Think about the impact on performance if reviews stressed the positives and provided praise. Imagine if performance reviews enabled managers to express gratitude and appreciation. Then, instead of leaving the session despondent, employees would feel valued and inspired. While such a review might not result in a raise or promotion, it would generate goodwill and focus on the employees’ strengths.
Best Served Fresh
Negative feedback is best provided immediately, and then forgotten, unless the issue repeats. Employees need a safe environment to fail forward, which is essential for creativity and breakthroughs. By encouraging people to test the limits and learn from their mistakes, they must be able to try and fail. These same breakthroughs are possible outcomes from quarterly supplier reviews.
Too often, however, corporations rely on policies to drive practices that focus on compliance rather than finding opportunities. Often, these structured reviews support a metrics-driven agenda, looking at past performance rather than opening a discourse on what could be.
Returning to the classroom as a student, with an inspiring teacher, made me remember the feeling of belonging, being totally accepted and included. Creating a sense of belonging and a desire to excel is linked to radiating a positive attitude from the top — and is possible not only in the classroom, but also in any workplace.
Why We Do What We Do
It also can be applied to reviews related to diversity, equity and inclusion (DEI) initiatives.
Looking back on my corporate career, it seems like leadership can use a lesson on inclusion. For example, DEI programs frequently rely on consultants to survey their employees, identifying strengths and weaknesses and setting targets. This shows a lack of support, turning community development into a reporting exercise.
In quarterly reviews, when leadership focuses on bottom-line results, they leave line managers to determine how to create a balanced workplace with inclusion while delivering outcomes.
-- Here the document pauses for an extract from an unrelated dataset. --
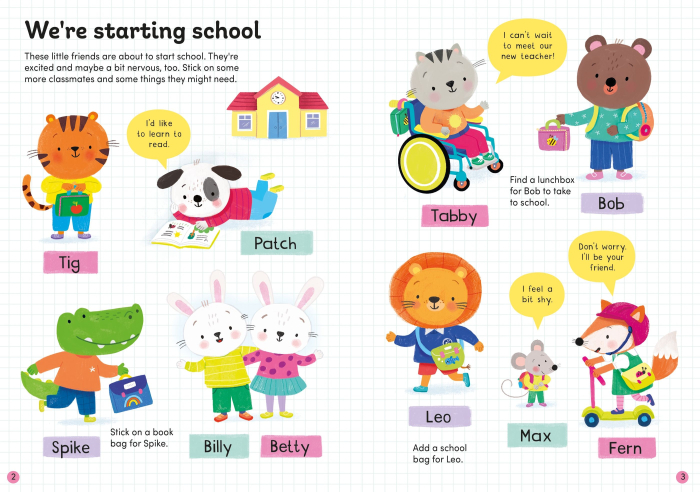 9781835402382 Usborne First Day at School Sticker Book [6]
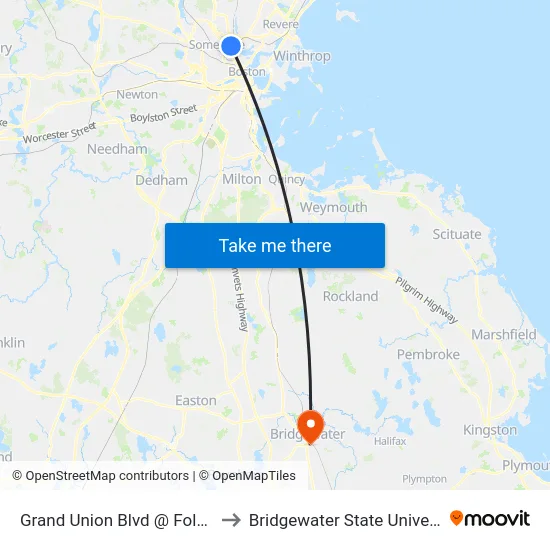 Grand Union Blvd @ Foley St to Bridgewater State University map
The subtle message is to prioritize results.
This does not mean that corporate employees are doomed. But it does require an infusion of passion and shift of focus. If you want exceptional performance, provide an environment that supports experimentation and allows for failure. Create a process that (1) sees the potential in everyone, (2) takes time to recognize their growth and (3) challenges them to be their very best.
In truth, not all educators can bring their passion to the classroom; for many, it is simply a job, measured by results. But my experience at Rutgers University shows what is possible. Imagine if quarterly reviews were about extolling the positives, showcasing strengths, and inspiring others.
Just by changing the way we deliver feedback, we might find change mindsets and deliver previously unimaginable results.